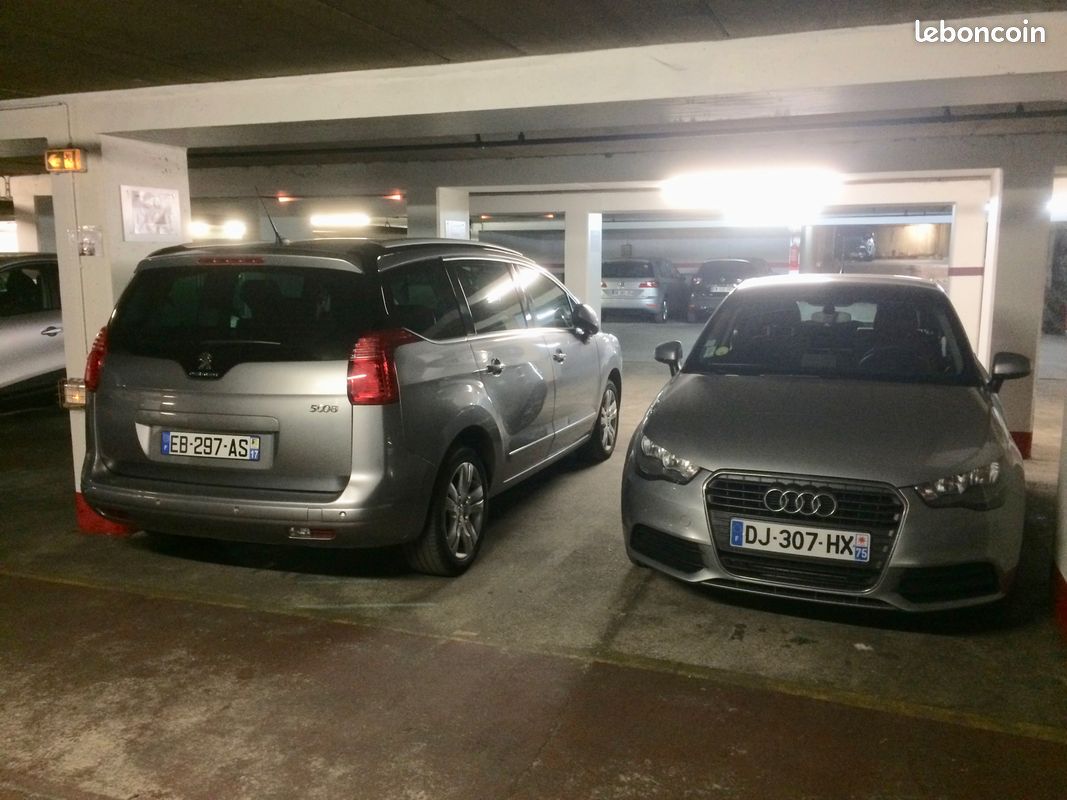 Vends 1 place de Parking au 92 rue Saint Lazare Paris 9ème - 12m²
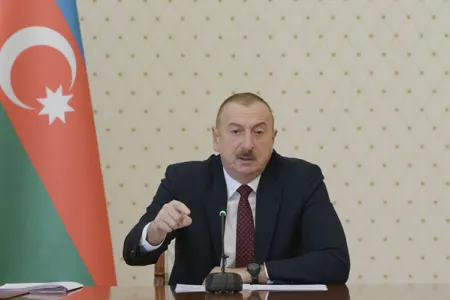 Prezident Ucarın icra başçısını danladı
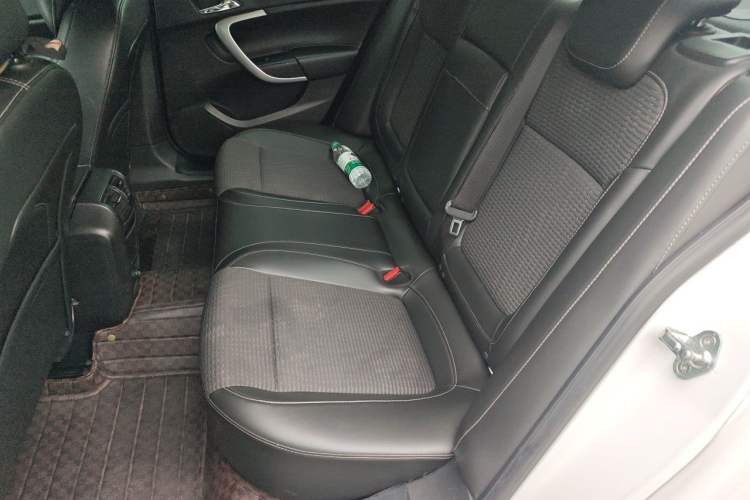 Used Buick Regal 2015 1.6T Leading Technology Model Left Rear Seat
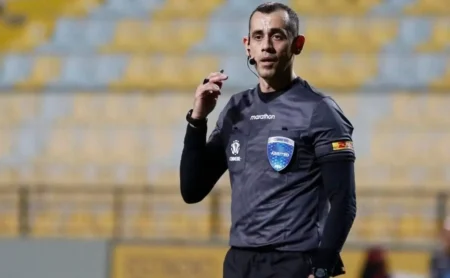 Juan Benítez: Arbitragem em pênalti controverso ofusca jogo e revolta torcedores do Botafogo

--------------------------------------------------

> Task item: Reproduce the material word for word, but without its images.

> Exercise solution:
 Vends 1 place de Parking au 92 rue Saint Lazare Paris 9ème - 12m²
 Prezident Ucarın icra başçısını danladı
 Used Buick Regal 2015 1.6T Leading Technology Model Left Rear Seat
 Juan Benítez: Arbitragem em pênalti controverso ofusca jogo e revolta torcedores do Botafogo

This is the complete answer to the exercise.